Заключительную огневую атаку с моря провели танки «Шерман», подошедшие к берегу на ДСТ. Из-за шторма, дыма, чрезмерного возбуждения экипажей она была также крайне малоэффективной. Конечно, то, что «Шерманы» приблизились к суше на достаточное для стрельбы расстояние, уже можно назвать чудом, свершившимся, кстати, благодаря самоотверженности лейтенанта Рокуэлла, который принял, пожалуй, одно из самых важных решений в день «Д».

Предполагалось, что экипажи ДСТ, направлявшиеся к «Омахе», спустят на воду танки «ДД» в 5 км от берега. Они разделились на две группы. Восемь ДСТ, двигавшиеся слева от флотилии Рокуэлла, действовали в соответствии с планом. В результате затонули 29 из 32 танков. Волны оказались слишком высокими, а техника — чересчур тяжелой. Сыграло свою роль и какое-то глупое упрямство. Танки спускались по рампам в воду один за другим, несмотря на то что передние машины тут же погружались в морскую пучину. Командиры экипажей не могли не видеть, как впереди идущий танк накрывала волна и он исчезал в бурлящей воде. Но приказ есть приказ, и они неукоснительно его исполняли. Шкиперы ДСТ беспомощно наблюдали за происходящим, парализованные ужасом и не способные что-либо предпринять. Это было очень грустное зрелище.
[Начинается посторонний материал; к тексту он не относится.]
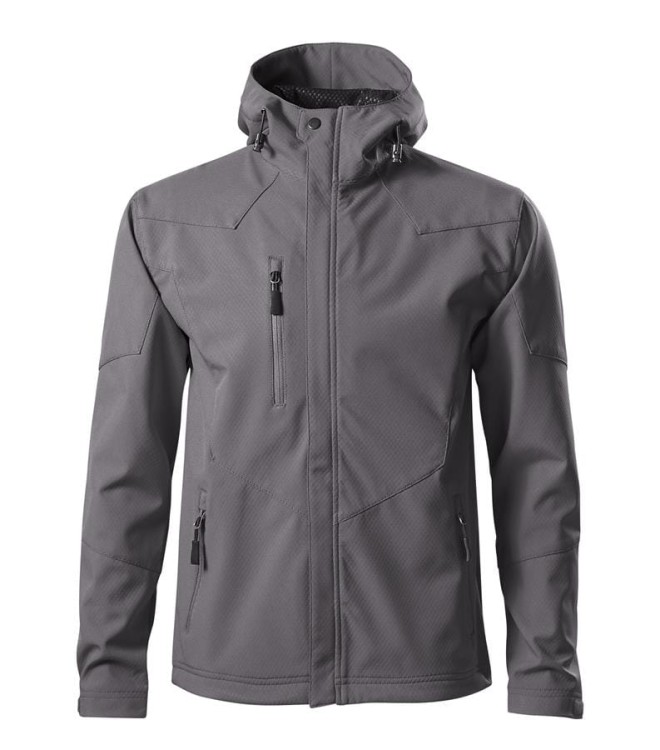 Kurtka stalowy softshell Malfini męska z logo na sercu z nadrukiem logo firmy 280g 531 kolor 36 (1).jpg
Только шкипер ДСТ 600, младший лейтенант X. П. Салливан, нашел в себе смелость поступить иначе, чем другие капитаны. Увидев, что первый танк из четырех затонул, он приказал команде поднять рампу и подвести судно вплотную к берегу. Таким образом ему удалось сохранить три машины, которые, сойдя на берег, оказали огневую поддержку пехотинцам, высаживавшимся в секторе «Изи-Грин» [53].

вернуться

53

В итоговом докладе 22 сентября 1944 г. контр-адмирал Джон Л. Холл, командовавший десантной группой «О», отметил: «В силу незащищенности от волн и в целом неудовлетворительной плавучести танк „ДЦ“ непригоден при высадке на открытом взморье». Его заключение было верным, но запоздало на три месяца.